Google Reveals 350M Monthly Gemini Users, Trails ChatGPT

During day three of the U.S. Department of Justice’s antitrust remedies trial, Google revealed that its flagship large language model, Gemini, has surged to 350 million monthly active users as of March 2025. The figure was presented on a slide by Sissie Hsiao, former head of Google AI’s consumer products, highlighting Google’s rapid user growth even as it continues to lag behind OpenAI’s ChatGPT.
Background and Model Evolution
Gemini debuted in late 2023 built on Google’s next-generation Pathways infrastructure. It originally shipped at tens of billions of parameters, but the rollout of Gemini 2.0 in late 2024 introduced a 120-billion parameter model with low-latency inference optimizations. Earlier this year, Google launched Gemini 2.5, which employs a mixture-of-experts (MoE) routing layer to dynamically allocate compute, reducing inference compute by up to 30% for simple queries while ramping up to full capacity on complex tasks.
Key technical specifications of Gemini 2.5 include:
- Parameter count: 140B (base) + MoE experts
- Context window: 128k tokens
- Average inference latency: 120ms (on TPU v4 Pods)
- Throughput: 200 tokens/sec per TPU v4 chip
- Support for retrieval-augmented generation (RAG) via Vertex AI
Deployment and Scalability
Google has progressively integrated Gemini across its ecosystem, including Search Labs, Google Workspace (Docs and Gmail smart compose), and Bard in Android 15 beta. These services run on Google Cloud’s TPU v4 pods and leverage Kubernetes autoscaling on GKE to handle unpredictable demand. According to internal benchmarks, scaling from 50 to 200 million daily queries requires spinning up an additional 10 TPU pods within 30 seconds.
Comparison with ChatGPT
Despite Gemini’s growth, Google’s own analysis estimates OpenAI’s ChatGPT at approximately 600 million monthly active users as of Q1 2025—up from around 400 million earlier in the year. OpenAI’s recent release of GPT-4 Turbo with a 128k token context window and more efficient quantization has further boosted ChatGPT’s appeal for enterprise API usage.
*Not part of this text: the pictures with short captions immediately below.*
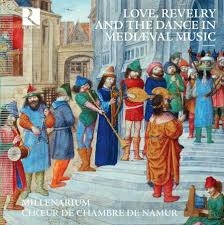 Couverture LOVE, REVELRY AND THE DANCE IN MEDIEVAL MUSIC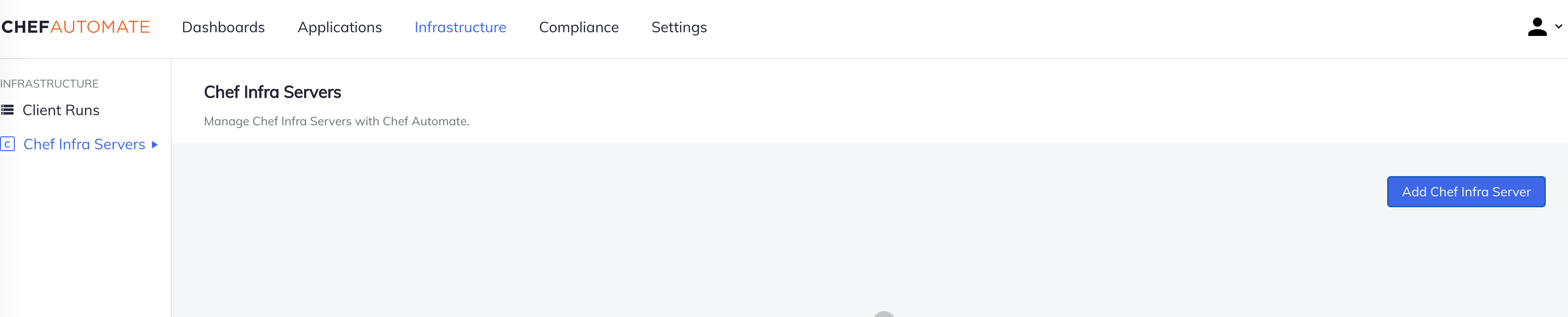 Chef Automate Infrastructure page showing an empty Chef Infra Servers list with the Add Chef Infra Server button.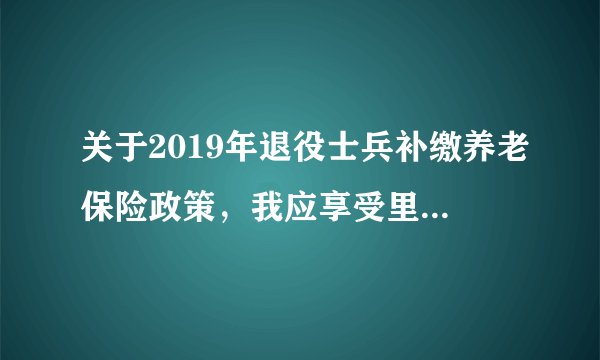 关于2019年退役士兵补缴养老保险政策，我应享受里面的待遇，但因我自己交了，所以不享受了，求说法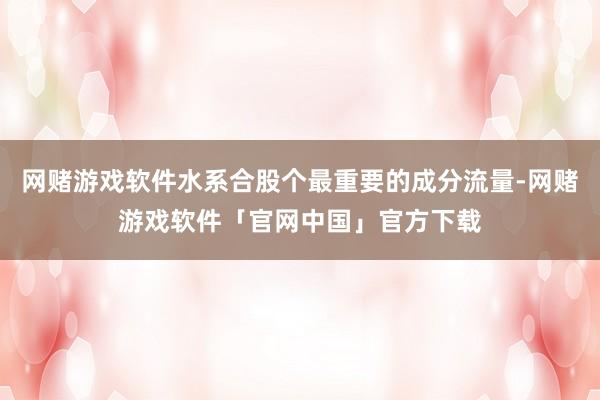 网赌游戏软件水系合股个最重要的成分流量-网赌游戏软件「官网中国」官方下载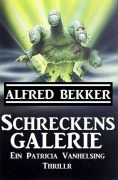 Cover-Bild zum Titel 'Schreckensgalerie (Patricia Vanhelsing)' von 'Alfred Bekker'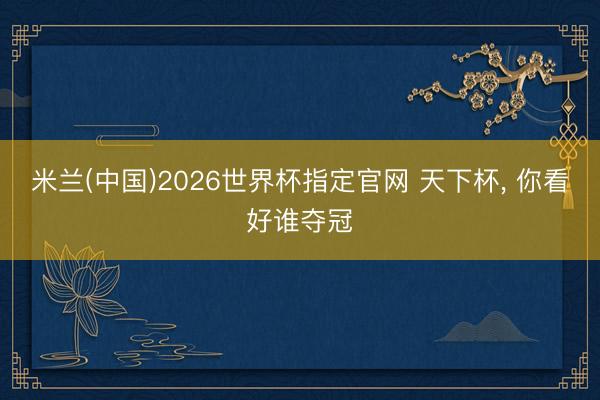 米兰(中国)2026世界杯指定官网 天下杯, 你看好谁夺冠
Variations in traffic measurements complicate direct comparisons:
- Weekly active users: OpenAI cites up to 400 million (selected 7-day windows).
- Monthly active users: More conservative metric, trusted in legal filings.
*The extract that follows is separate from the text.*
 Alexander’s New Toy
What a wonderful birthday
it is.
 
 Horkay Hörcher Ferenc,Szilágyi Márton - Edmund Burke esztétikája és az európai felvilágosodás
- API vs. consumer interface: Google’s slide counts both Bard and API calls, whereas OpenAI may emphasize web usage.
Economics of Generative AI
Generative AI services are compute-intensive and incur substantial costs. Current industry estimates place inference costs around $0.0006 per 1,000 tokens on TPU v4, while GPU-based providers report $0.001–$0.002 per 1,000 tokens on A100 hardware. Both Google and OpenAI acknowledge negative margins for high-volume tiers:
- OpenAI’s $200/month “Pro” plan loses an estimated $50–$80 per user in compute spend.
- Google has not publicly detailed Gemini subscription economics but internal memos suggest sub-$0.10 revenue per user per month relative to infrastructure costs.
Antitrust Implications and Legal Strategy
These usage figures play a pivotal role in Google’s defense against DOJ claims that Alphabet unfairly bundles its AI services with core products. By showcasing rapid adoption, Google argues that users freely choose Gemini over competitors. However, regulators may scrutinize deep integrations—such as default Bard prompts in Search—as potential barriers to entry for rivals.
Expert Perspectives and Future Outlook
AI industry observers offer varied takes on Google’s trajectory. Dr. Emily Bender (University of Washington) notes, “Gemini’s large context window and MoE design are impressive, but true benchmarks are still emerging against GPT-4 Turbo in zero-shot tasks.” Meanwhile, former OpenAI researcher Andrej Karpathy highlights that “model efficiency and ecosystem lock-in will determine which platform dominates the next wave of AI applications.”
Looking ahead, Google plans to introduce a specialized Gemini Nano model for on-device inference in Pixel 9, aiming to reduce latency and address privacy concerns. The competition with OpenAI and Microsoft, which has embedded GPT-4 in Office 365, promises continued innovation in model architectures, cost optimizations, and regulatory scrutiny.